Glitches in digital currency raises concerns Globally


By MYBRANDBOOK


Glitches in digital currency raises concerns Globally

The ambiguities surrounding the digital currency still leave enough space for the analysis of its unreserved acceptance, trust and anticipation, which are the main drivers for the spread of the network. It is time for the Banks to carefully consider the technology underlying these cryptocurrencies as a potential generic new way of transferring ownership of the value over the long term. Especially Bitcoin is the technology adoption in the presence of network externalities.
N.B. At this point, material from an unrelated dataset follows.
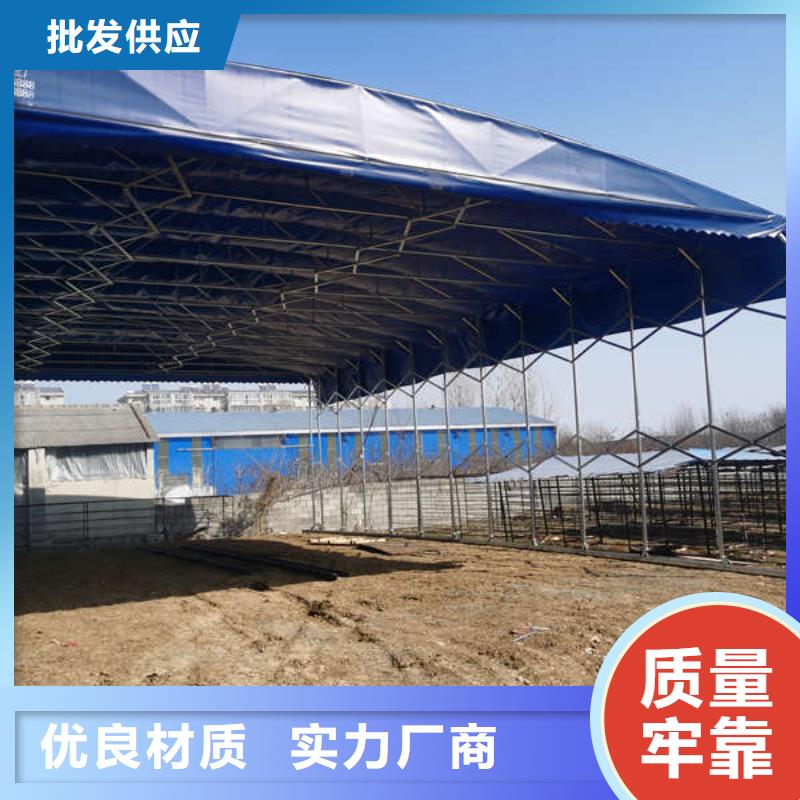 雨棚推拉雨棚匠心打造厂家经验丰富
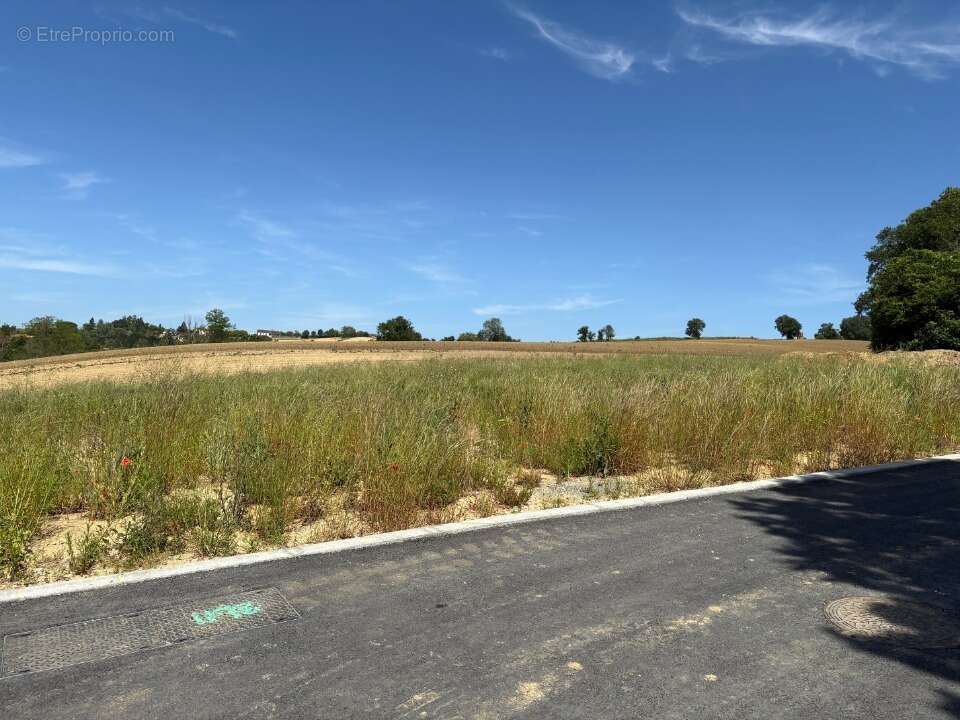 Terrain 983 m² à Verfeil  - photo 4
The growth in digital currencies could make cross-border payments more efficient and help address the $1.7 trillion global trade financing gap.

 

These burgeoning currencies may not solve all trade issues, however, and could further complicate the supply and demand of foreign exchange, especially for countries with limited existing international trade. There is no doubt that the digital currencies are growing: the market is valued at more than $2 trillion and involves more than 15,000 varieties. Based on the Atlantic Council’s CBDC tracker, nine countries or currency unions have launched their digital currencies, while 15 are in the pilot phase. Additionally, 16, including India, are in the development stage, and 40 are in the research stage. Seven are inactive and two have cancelled any plans to launch it.

 

Digital currencies could provide alternative credit information for trade finance and there’s a $1.7 trillion global trade financing gap, which heavily impacts SMEs who typically don’t have established financial records with banks. Public ledgers of digital currencies could be used to share payment and financial history to underwrite loans for import and export. At the same time, strong privacy protocols would need to be enforced in order to achieve this.

 

The Reserve Bank of India will launch the CBDC from the upcoming financial year. This follows the government’s plans to launch the CBDC that will be backed by blockchain technology. The volatility and the speculative nature of private cryptocurrencies like Bitcoin, Ether, etc is what is pushing many central banks across the world to adopt their own digital currencies. Hence, the central bank wants to use CBDCs to provide users with convenience and security of digital as well as the regulated, reserve-backed circulation of the traditional banking system.

 

 

Whereas, there were glitches found in the digital currency that is being used by seven Caribbean nations that have kept it offline for more than a month. As we head towards a new age where money and trade in goods and services are more and more digitized, it is crucial to ensure no one is left behind. Finally, despite their promising potential, digital currencies may not, however, solve some existing problems facing international trade and could raise new issues, where security is going to be a major concern.